Home Secretary sees latest innovations aimed at keeping officers safe
Cutting-edge technology designed to offer better protection to police officers has been been showcased to the Home Secretary during a visit to the Defence Science and Technology Laboratory (Dstl) in Salisbury.
Priti Patel was given access to a range of innovative projects currently underway, including female body armour designs, upgrades to police vehicles, virtual training concepts, knife crime detection and corrosive substance detection to help prevent chemical attacks.
She also heard how Dstl forensic scientists provided evidence that has helped with 152 terrorism convictions between 2016 and 2019.
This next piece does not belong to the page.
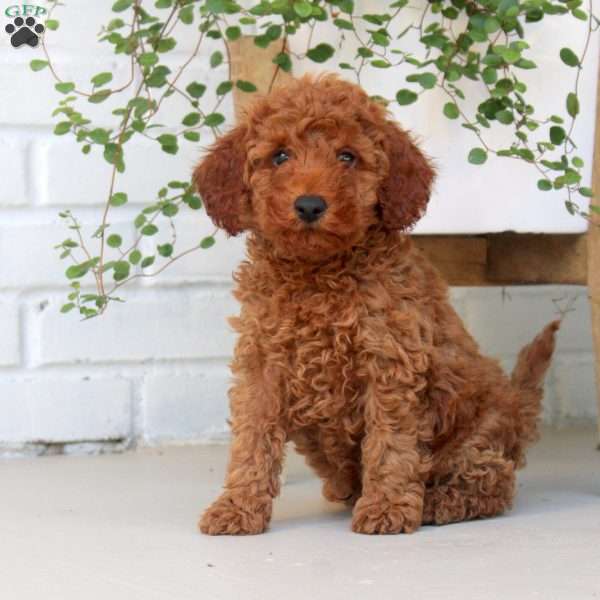 Ezra, Miniature Poodle Puppy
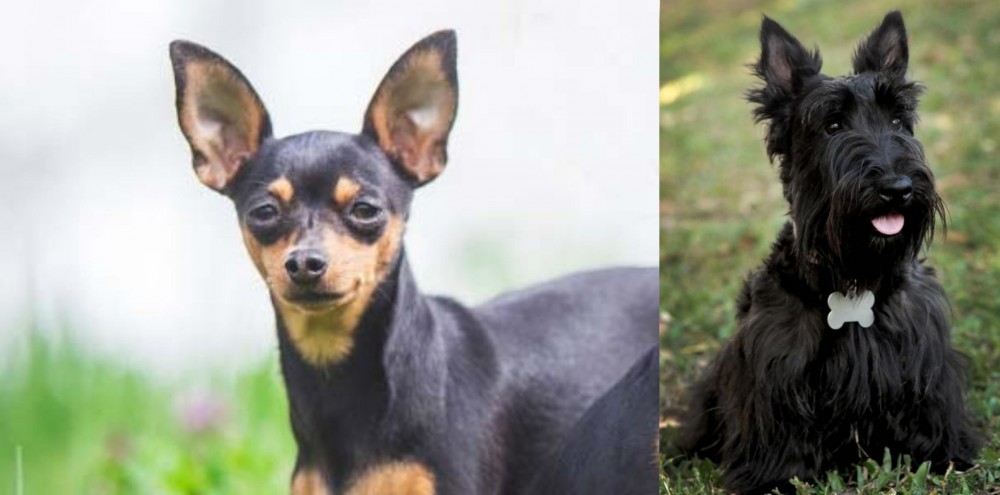 Scoland Terrier vs Prazsky Krysarik - Breed Comparison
Gary Aitkenhead, Dstl’s chief executive, said: “It has been a great opportunity to show The Home Secretary the science that’s already saving lives of both those serving in our police forces as well as UK civilians.
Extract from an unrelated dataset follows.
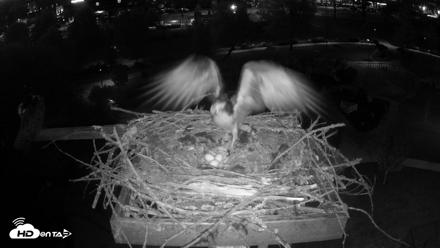 Coeur d'Alene Idaho Osprey Nest Live Cam - May 5, 2026, 8:50pm PDT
“We have gained a real insight into the many challenges the Home Office and its policing and security are facing. The exciting part is that many of the programmes we are already working on as part of defence can help address these challenges, particularly around improving current uniforms and protection for police officers.
“Dstl is about the future and we are proud to share the incredible research currently being undertaken by our scientists.”
Ms Patel said: “This Government is committed to giving police the resources they need and empowering them to use technologies to fight crime and keep the public safe. I am exceptionally impressed to see how Dstl is contributing to this priority through science and technology, which is directly benefiting crime reduction and providing better protection for our dedicated police officers.
“This research and development is absolutely crucial to keeping our country and citizens safe and it is exciting to see the work come to fruition. The Government is committed to empowering the police to use new technologies like biometrics, to protect the public and link in how Dstl are contributing to that.”